_Problem to work on_
Nothing but the pictures may be dropped; the rest of the listing is to be written out exactly.
☆ ☆ ☆ ☆ ☆ ☆ ☆
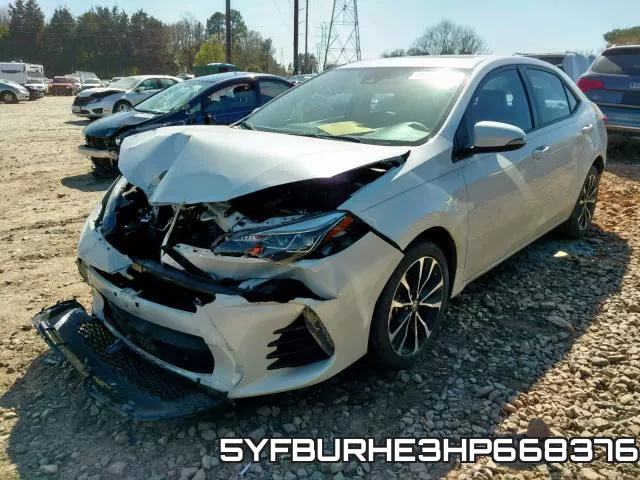 5YFBURHE3HP668376 фото 3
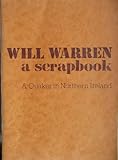 Will Warren : a scrapbook : a Quaker in Northern Ireland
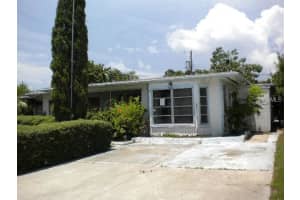 582 Baywood Dr S, Dunedin, FL 34698, Sold 03/09/16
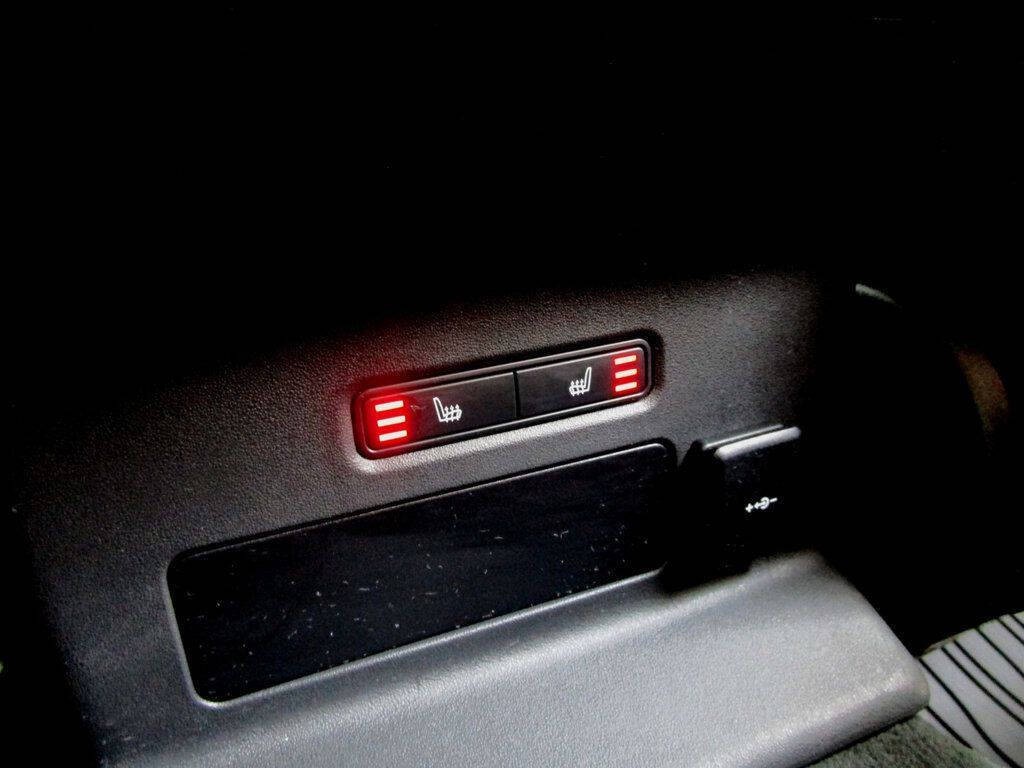 2023 Land Rover Range Rover Image 25
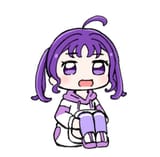 GvcrB5hXEAA7W05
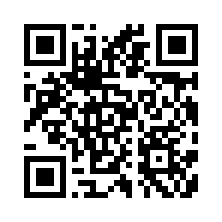 QR Code for 1H7seZzETLEuVT8DeCQ6kYZc2eZZPbLUra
☆ ☆ ☆ ☆ ☆ ☆ ☆
_Solution_
 5YFBURHE3HP668376 фото 3
 Will Warren : a scrapbook : a Quaker in Northern Ireland
 582 Baywood Dr S, Dunedin, FL 34698, Sold 03/09/16
 2023 Land Rover Range Rover Image 25
 GvcrB5hXEAA7W05
 QR Code for 1H7seZzETLEuVT8DeCQ6kYZc2eZZPbLUra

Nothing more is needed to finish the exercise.